THE Labour-run Scotland Office should revive the wartime policy of holding regional meetings with politicians across the country, Fergus Ewing has argued.
The former SNP Cabinet secretary called for Ian Murray to bring in meeting with “MPs and MSPs in each part of Scotland” in the vein of Tom Johnston, who served as Scottish Secretary under Winston Churchill from 1941 to 1945.
Writing in the Inverness Courier, Ewing said Johnston was “widely regarded as the most successful Scottish secretary that there has ever been”.
He went on: “One of his innovations was to hold regional meetings with MPs, the very first one being with Highland MPs.
“I wish Ian Murray, our new Scottish secretary, well in his role and hope that he will initiate similar meetings with MPs and MSPs in each part of Scotland. I am writing to him suggesting he does likewise.”
Ewing also used his column to call for GB Energy to be headquartered in Inverness, hitting out at reports that the city has not made the shortlist.
Media reports last week claimed that Edinburgh, Glasgow, and Aberdeen were in the running to be GB Energy’s base city.

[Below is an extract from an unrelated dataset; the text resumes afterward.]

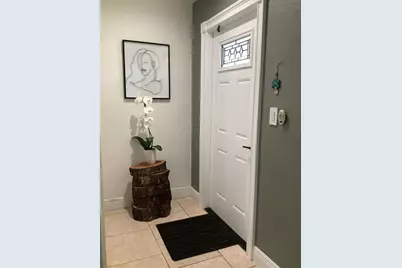 8260 NW 11th Ct, Pembroke Pines, FL 33024 - Photo 3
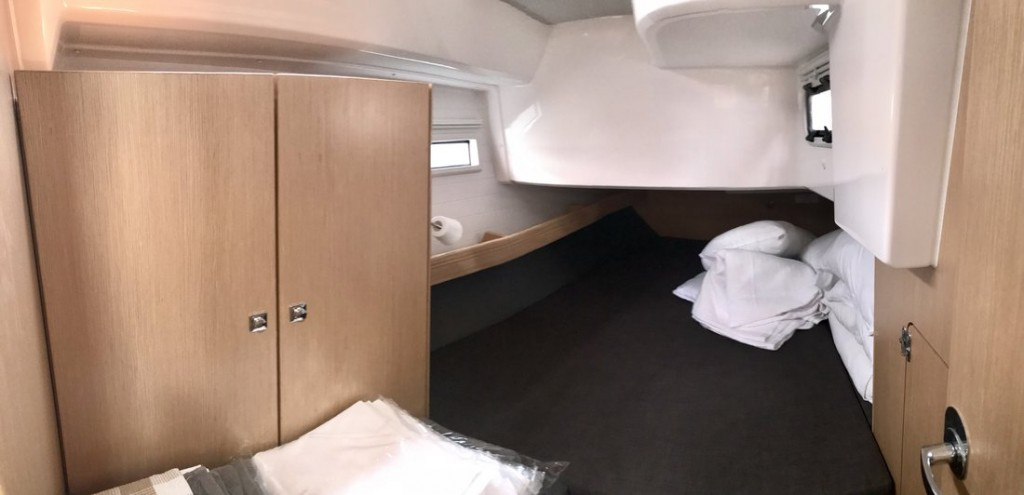 Yacht BAVARIA - Cruiser 41 "Leonidas"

Ewing said that if that was the case, “that would be a sign that Inverness is still regarded in Whitehall as a kind of backwater, and that Labour’s writ does not run north of the central belt”.
The SNP MSP argued that GB Energy should also have a focus on community ownership and community payback from energy projects.
“The new government must now require renewable developments to provide a real ownership share to communities that house and host them,” he wrote. “That will be essential to garner local support.
“Why should a community support new wind farms and grid upgrades if all the financial gains go elsewhere?
“At present the ‘going rate’ is £5000 a year per megawatt. A share of ownership gives a far more significant legacy, and then paves the way for investment for generations to come on a scale which otherwise will simply not happen.”
Ewing argued that the right moves could hugely benefit Labour, but they would benefit the Highlands and Islands more – which he said was “far, far more important than political advantage”.
A Scotland Office spokesperson said they had not yet received any communication from Ewing.